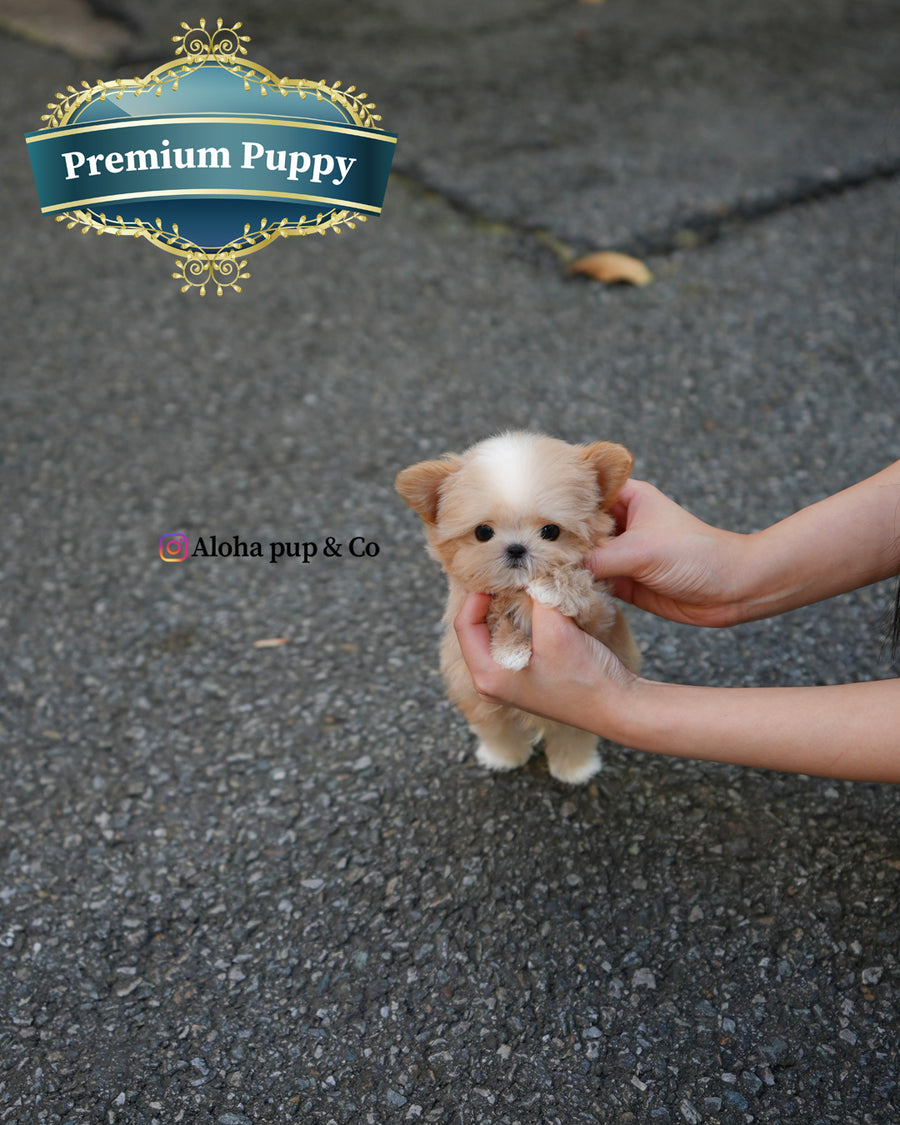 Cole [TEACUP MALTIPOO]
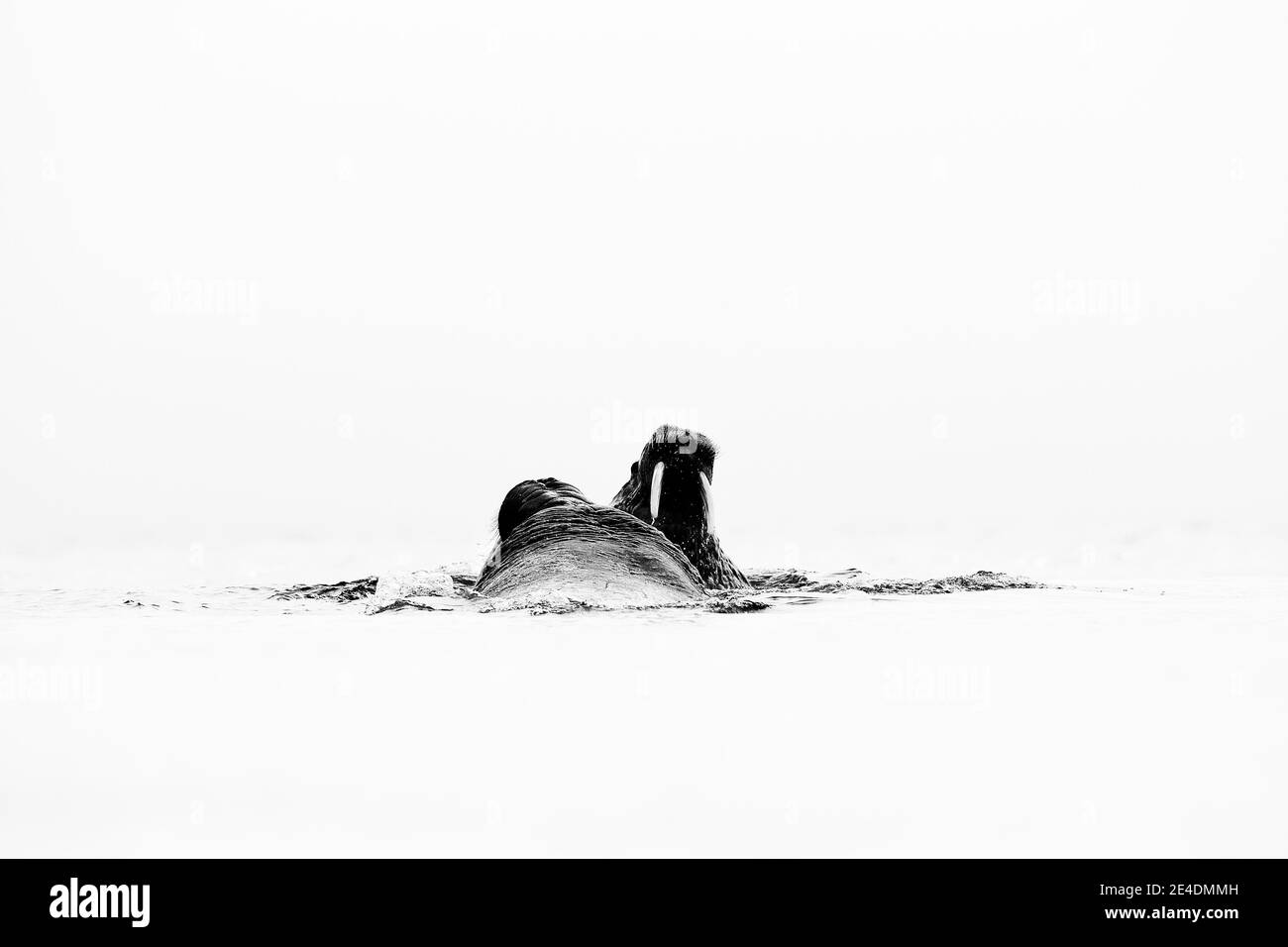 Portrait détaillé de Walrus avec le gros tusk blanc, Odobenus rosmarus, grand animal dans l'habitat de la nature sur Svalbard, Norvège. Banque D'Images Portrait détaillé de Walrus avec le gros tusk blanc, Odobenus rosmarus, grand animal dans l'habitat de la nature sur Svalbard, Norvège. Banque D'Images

==

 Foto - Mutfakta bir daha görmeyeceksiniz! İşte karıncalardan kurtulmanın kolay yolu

Task
Above are entries with pictures among them. Write out exactly the lines from the one containing "Cole [TEACUP MALTIPOO]" through the one containing "Banque D'Images Portrait", ends included, and leave those pictures out.

Response
 Cole [TEACUP MALTIPOO]
 Portrait détaillé de Walrus avec le gros tusk blanc, Odobenus rosmarus, grand animal dans l'habitat de la nature sur Svalbard, Norvège. Banque D'Images Portrait détaillé de Walrus avec le gros tusk blanc, Odobenus rosmarus, grand animal dans l'habitat de la nature sur Svalbard, Norvège. Banque D'Images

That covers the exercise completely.